By asking the right questions, you can have a better understanding of the process and be certain that you are getting the product that best fits your needs and circumstances. Here are 20 questions that will help you get key answers about your loan, so you can make an informed decision:

1) Do you represent a mortgage broker, mortgage banker or lender, consumer finance company or a financial institution?

It is important to know whom you are working with and their qualifications. A loan officer for a mortgage broker company assists you in finding a lender. A mortgage banker is a lender who directly makes real estate loans to consumers. A consumer finance company is a non-depository institution that may make high-risk loans with higher rates of interest than a traditional financial institution. A financial institution is a bank, credit union, savings and loan or savings bank that besides making mortgage loans also provides traditional banking services such as checking and savings accounts.

2) If working with a mortgage broker, ask: Are you licensed by the state?

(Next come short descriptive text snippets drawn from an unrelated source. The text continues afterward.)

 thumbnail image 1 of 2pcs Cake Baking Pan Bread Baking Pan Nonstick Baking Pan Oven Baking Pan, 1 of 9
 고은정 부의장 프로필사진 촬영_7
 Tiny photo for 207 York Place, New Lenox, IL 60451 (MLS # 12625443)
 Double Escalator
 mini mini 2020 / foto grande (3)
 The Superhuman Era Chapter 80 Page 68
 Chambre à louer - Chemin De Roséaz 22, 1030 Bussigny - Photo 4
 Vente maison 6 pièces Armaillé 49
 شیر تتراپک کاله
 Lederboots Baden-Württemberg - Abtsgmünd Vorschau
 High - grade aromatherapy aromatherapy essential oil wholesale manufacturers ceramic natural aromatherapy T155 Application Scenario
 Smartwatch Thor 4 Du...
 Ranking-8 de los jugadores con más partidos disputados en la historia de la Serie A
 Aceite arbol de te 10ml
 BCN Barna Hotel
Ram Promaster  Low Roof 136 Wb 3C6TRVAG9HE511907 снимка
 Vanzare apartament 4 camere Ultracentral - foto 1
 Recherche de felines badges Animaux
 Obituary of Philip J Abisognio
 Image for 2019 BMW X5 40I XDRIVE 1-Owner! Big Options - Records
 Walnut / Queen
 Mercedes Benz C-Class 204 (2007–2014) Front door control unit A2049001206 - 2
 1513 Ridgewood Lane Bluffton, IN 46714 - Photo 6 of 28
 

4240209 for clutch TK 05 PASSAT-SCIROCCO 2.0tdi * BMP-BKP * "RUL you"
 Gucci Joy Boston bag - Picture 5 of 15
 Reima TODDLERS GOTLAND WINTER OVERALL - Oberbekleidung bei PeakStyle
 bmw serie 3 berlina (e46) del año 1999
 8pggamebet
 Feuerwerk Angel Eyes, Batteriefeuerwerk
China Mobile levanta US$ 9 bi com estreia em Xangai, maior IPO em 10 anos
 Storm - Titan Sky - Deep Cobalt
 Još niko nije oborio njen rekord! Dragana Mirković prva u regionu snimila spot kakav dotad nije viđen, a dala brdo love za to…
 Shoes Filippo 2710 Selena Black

For example, the Department of Real Estate, Office of Real Estate Appraisers, and Department of Financial Institutions regulate most of the real estate services in California. Mortgage brokers doing business in California generally are required to be licensed by the Department of Corporations or the Department of Real Estate. If you are using the services of a mortgage broker, regardless of what state you are in, contact the Department of Corporations (DOC) at www.corp.ca.gov or 1-866-275-2677 and/or the Department of Real Estate (DRE) at www.dre.ca.gov or (916) 227- 0770 to make sure the mortgage broker is properly licensed. Some companies may be licensed by both the DOC and DRE. Ask which license is being used to conduct your loan transaction. Also, many states require advertising to contain a disclosure of the license under which your loan will be made or arranged. You may also wish to check with the Better Business Bureau at www.bbb.org to see if the company is a member and if any complaints have been filed against the company.

3) What is the interest rate you are offering to me and is it a fixed or variable rate? Is this the best possible rate based on my credit score?

The interest rate determines the amount lenders charge you to use their money and is usually quoted as a percentage. The rate can be a fixed rate meaning that it remains the same throughout the loan. There are also variable or adjustable rate loans where the interest rate can change during the term. The rate can go up or down and your payment will adjust accordingly. A lower interest rate results in lower monthly payments or the ability to buy a higher priced home. Some loans offer an extremely low interest rate or payments. Payments on some of these loans may be too low to pay the monthly interest and will increase your loan balance, known as negative amortization or deferred interest, rather than decrease it. Payments on these loans can also increase substantially after several years. Ask your broker or lender if your loan contains these features, and, if so, ask for all of the details so you can decide if this type of loan is right for you.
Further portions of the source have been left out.